And since we are now on the subject, I might as well throw this out in the open before the thread progresses too much farther.
If anyone has any doubts as to how to wire something correctly, then just don't do it.
I have a real problem with some folks around here giving advice as to dismantling ballasts, transformers, variacs and the like. I don't mean to belittle anyone on this forum, but that is way beyond the ability of the average person. I realize a lot of you are technically inclined and can do such things but to give such advice and word it like it's no big deal is morally and ethically wrong. I will not be responsible for the death of any member here so I will never tell someone how to do such things. My answer will, and always will be, "return it". And on a much lesser note, you void your warranty when you do stuff like that. You paid good money for your equipment so just return the damn thing. You shouldn't be expected, as a consumer, to have to service your own electrical equipment.
In fact, I should probably quit posting electrical related topics all together. Electricity is nothing to take lightly. People under estimate residential voltage all the time. The current that a 60w light bulb draws will kill you in a heart beat. Period. If the path crosses your heart, kiss your ass goodbye. Even if it doesn't cross your heart, but you manage to get "hung up", kiss your ass goodbye.

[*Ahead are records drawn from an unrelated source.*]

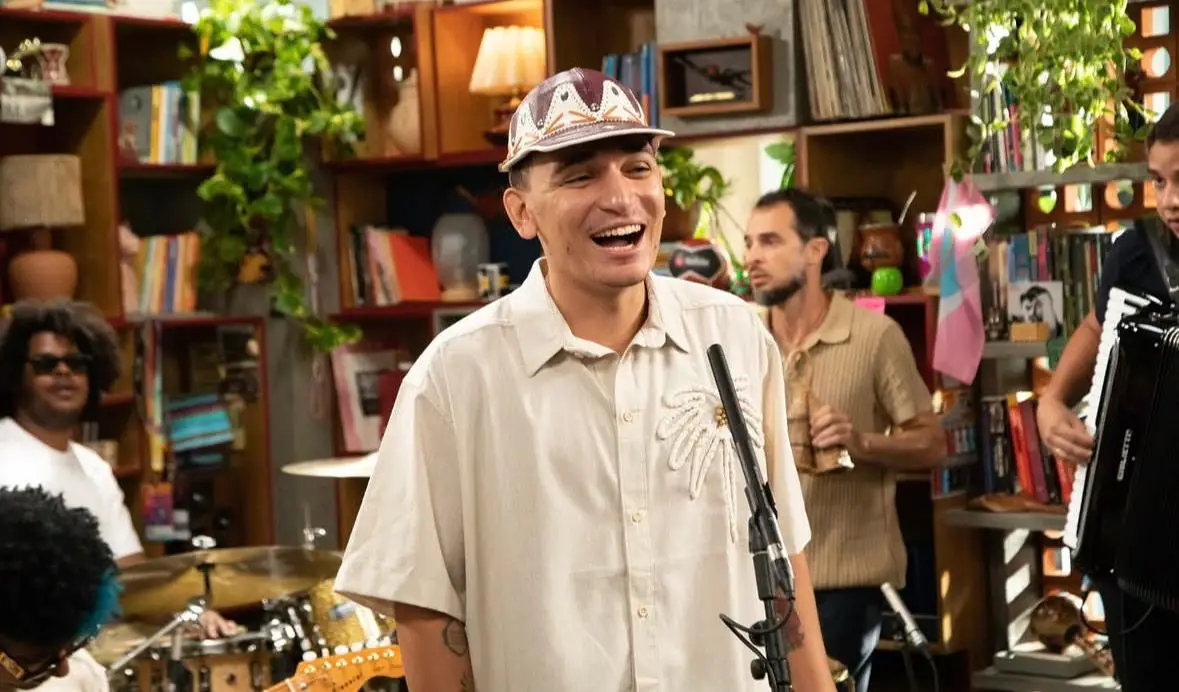 Sucesso do forró, João Gomes confirma apresentação em São José dos Campos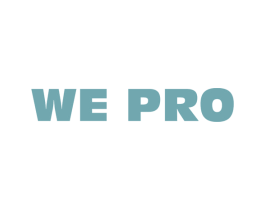 WE PRO 第11类家用电器商标图样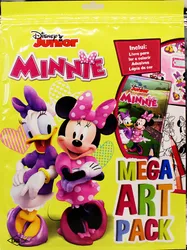 Disney - Mega art pack: Minnie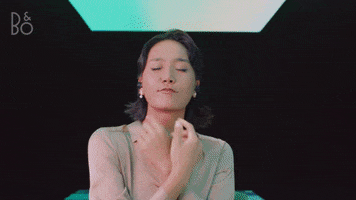 In The Zone Dancing GIF by Bang & Olufsen
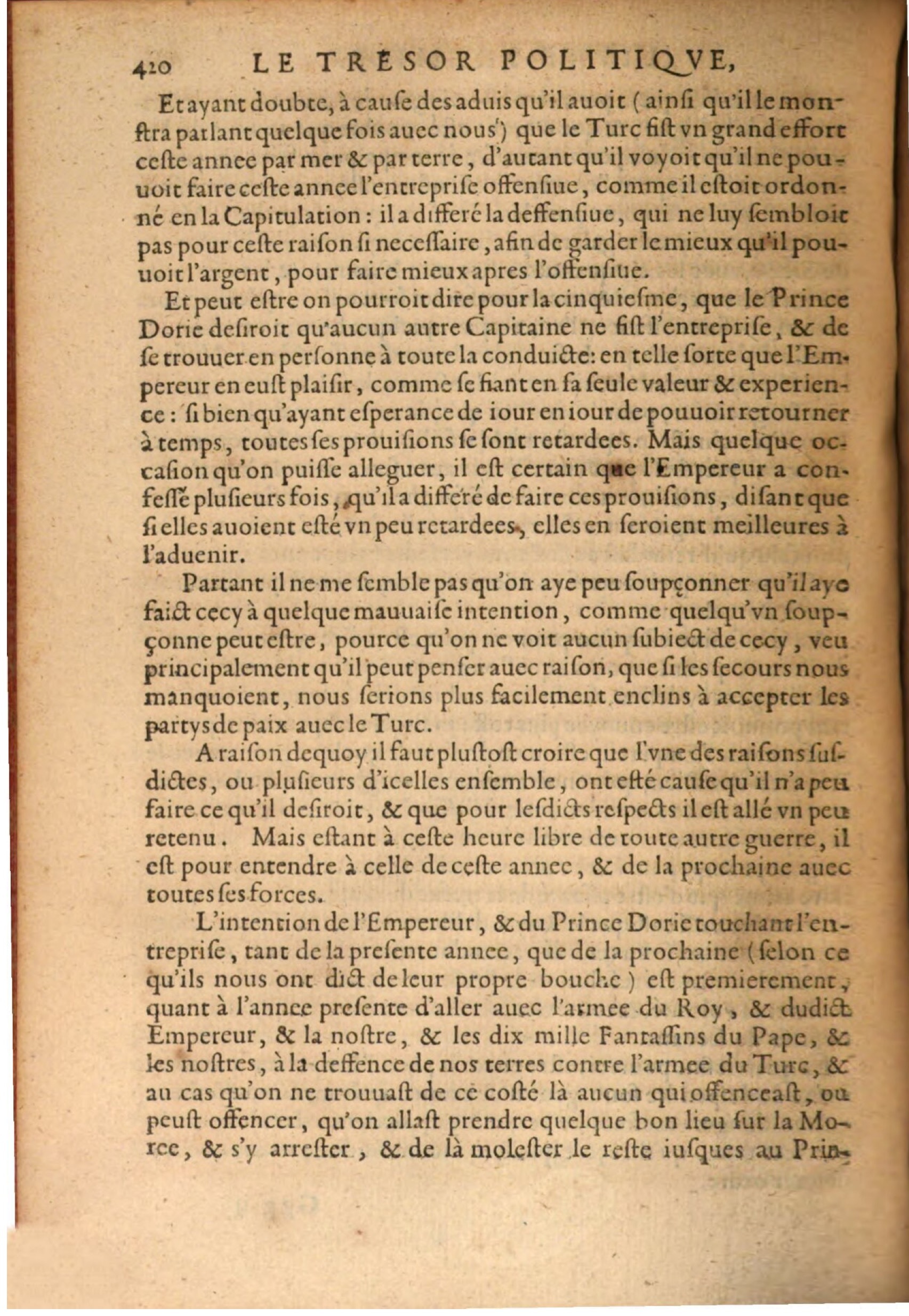 1608 - Pierre Chevalier - Trésor politique - BSB Munich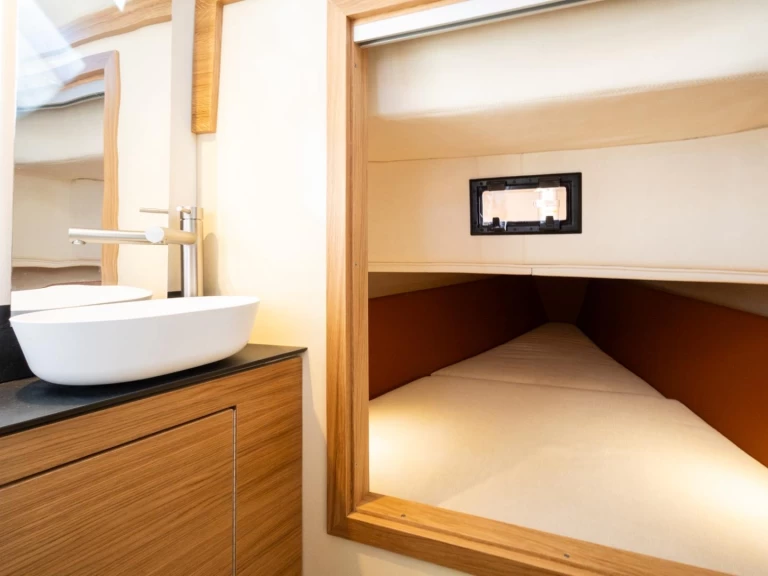 LILIBAEUM YACHT LIPARI 31 de alquiler a Taormina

Also, you guys should understand my frame of mind. Yes, I'm an electrician. I love my job. I don't do it for the money. I do it because I thoroughly enjoy working with electricity. I'm an anal son-of-a-bitch and I take longer to do something than your average electrical contractor. Why? Because I do things the right way, not the quick way. If your really good, you can balance both (which I have a hard time doing). Thus, I no longer sub anymore but just work for a company.
So, being the way that I am, The National Electrical Code is scripture to me. Every article in the NEC was put there because someone died. Back in the early 1900's it was a very thin book. Look at how big it is now. So, actually, me telling anyone "unqualified" (yes, it's defined in the NEC) to do work without a permit is morally and ethically wrong. The shit needs to be inspected. If you own your own home, many jurisdictions will allow the home owner to pull a permit. If you live in an apartment, you really should not be doing the work yourself. You make a mistake and you kill everyone in the building. Could you live with yourself if you made a mistake wiring your grow room and your next door neighbors 4 year old daughter burned alive in her bed? Not me.
Or get this.... Say member "kindbud69" received some advice here to swap out the capacitor on his 1000w ballast. "O.K... Sounds easy enough". So kindbud69 goes down in the basement to his grow room to get the ballast. Since he enjoys being in his grow room, he gets a chair and a collapsible TV dinner table and decides to do the work there. Chillin with the plants on a lazy Sunday afternoon, gonna fix my ballast, life is good. Set's the ballast on the table. Takes the housing off. Correctly identifies the capacitor and starts to remove it.
Kindbud69 is now laying on the floor in cardiac arrest. Too bad joeschmoe589 forgot to mention that the capacitor could very well be charged still. Even more of a shame that kindbud69 had a small hole in his left shoe sole. Worse yet, kindbud69 spilled some water when topping off his res an hour earlier and happened to have his left foot sitting on a wet and grounded surface (concrete floor).
Too bad joeschmoe589 will never know that he indirectly just killed someone. Look at the last line in my sig and ignore the smiley face. It's probably the best thing you can do if you have any hesitation as to how to do something.
Sorry for the book but I take it very seriously and you guys should to. Also, if it's not obvious yet, any and all advice that I give is based upon 120/240v 60hz American electrical systems. If you live in Europe or anywhere else (most of the world) that deals with different voltages or frequencies, then you probably shouldn't be listening to me.